Cells don’t exist in isolation in biology, but each one can provide a window into how things function in an organism. However, it can be extremely challenging to monitor changes in individual cells to learn more about the bigger picture, especially in biological tissues where different types of cells might be mixed in a large group. Now scientists have found a way to track the genetic changes in single cells within a sample of tissue. Reporting in Science, the researchers have called this technique SPLiT-seq.
"Cells differ from each other based on the activity of their genes -- which genes are switched off or switched on," explained senior author Georg Seelig, a UW associate professor in the Department of Electrical Engineering and the Paul G. Allen School of Computer Science & Engineering. "Using SPLiT-seq, it becomes possible to measure gene activity in individual cells, even if there are hundreds of thousands of different cells in a tissue sample."
SPLiT-seq is another name for Split Pool Ligation-based Transcriptome sequencing; it updates traditional methods for assessing gene expression. Typically, gene activity is determined by looking at the RNA levels in a cell; that tells scientists which genes are on, or expressing, and which are off, because the genes that aren’t expressed don’t get translated into RNA. That type of RNA sequencing can reveal a lot about a tissue sample, but not how specific cells within that tissue are behaving. While there are ways to sequence RNA in single cells, they are quite costly. This new method avoids that caveat.
It is not necessary to isolate individual cells for this new SPLiT-seq technique. Instead, a cell population is put through four cycles in which they are split into pools and barcoded. After that, RNA from every cell ends up with a unique barcode sequence, which is included when all of the RNA in the cell is sequenced.

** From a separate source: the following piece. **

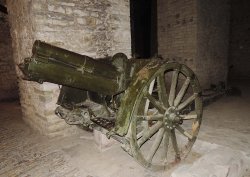 Le armi della Fortezza Argentata Pezzi d'artiglieria all'interno del museo di armi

"With these 'split-pool barcoding steps,' we solve a big problem in measuring gene expression: reliably identifying which RNA molecules came from which cell in the original tissue sample," explained Seelig, who is also a researcher in the UW Molecular Engineering & Sciences Institute.
"With that problem addressed, we can begin to ask biological questions about the different types of cells we define in the tissue," said co-author Bosiljka Tasic, Associate Director of Molecular Genetics at the Allen Institute for Brain Science.

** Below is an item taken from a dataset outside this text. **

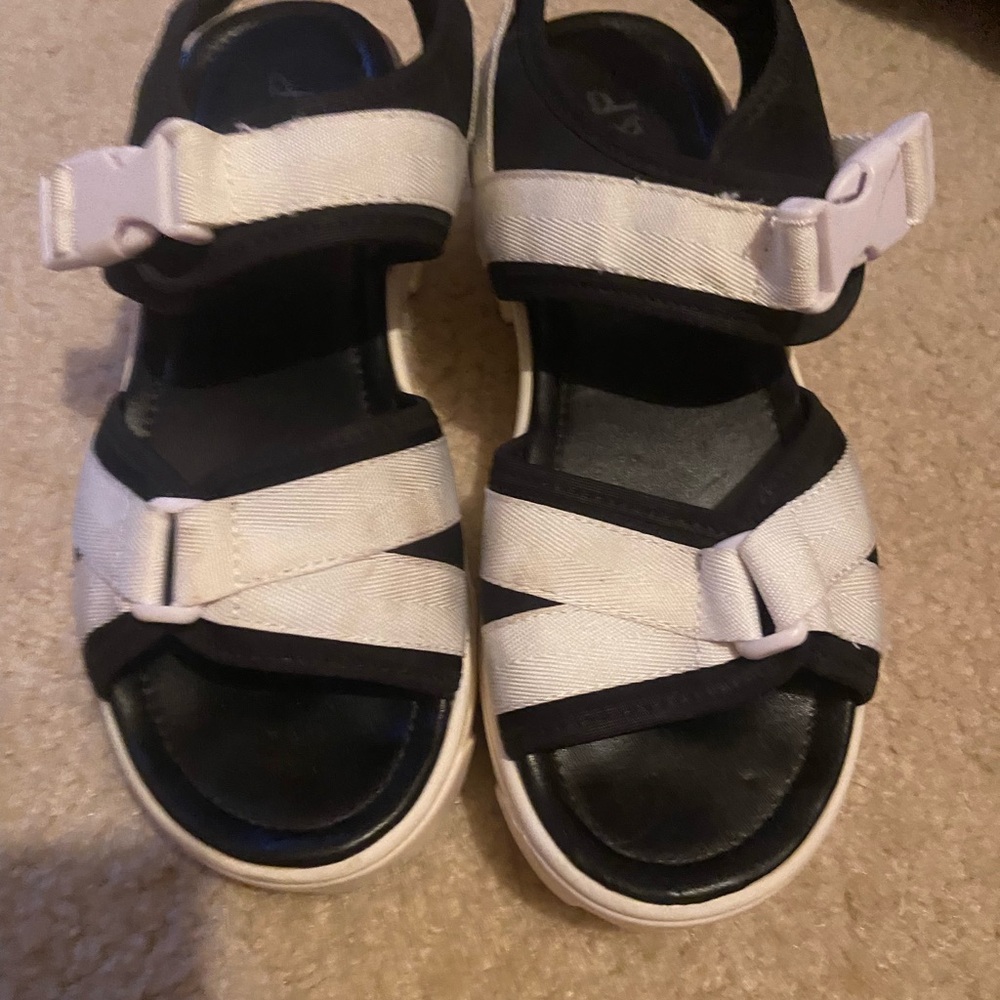 B/W Sandals - Picture 8 of 8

The team tested SPLiT-seq by using it on brain and spinal cord tissue from mice. They were able to measure the activity level of about 156,000 genes with SPLiT-seq.

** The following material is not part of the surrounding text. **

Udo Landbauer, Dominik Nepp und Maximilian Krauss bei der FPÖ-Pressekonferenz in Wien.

The patterns of gene activity that were revealed by their study indicated that over 100 cell types existed in the tissue samples, and included cells at various stages of differentiation and development.
This tool can deliver these results at low cost, "just a penny per cell," said Seelig in a story by the Allen Institute for Brain Science. That is a significant cost reduction compared to other single-cell sequencing techniques.
The method can help reveal the changes cells undergo as they enter a diseased state, or how tissues develop.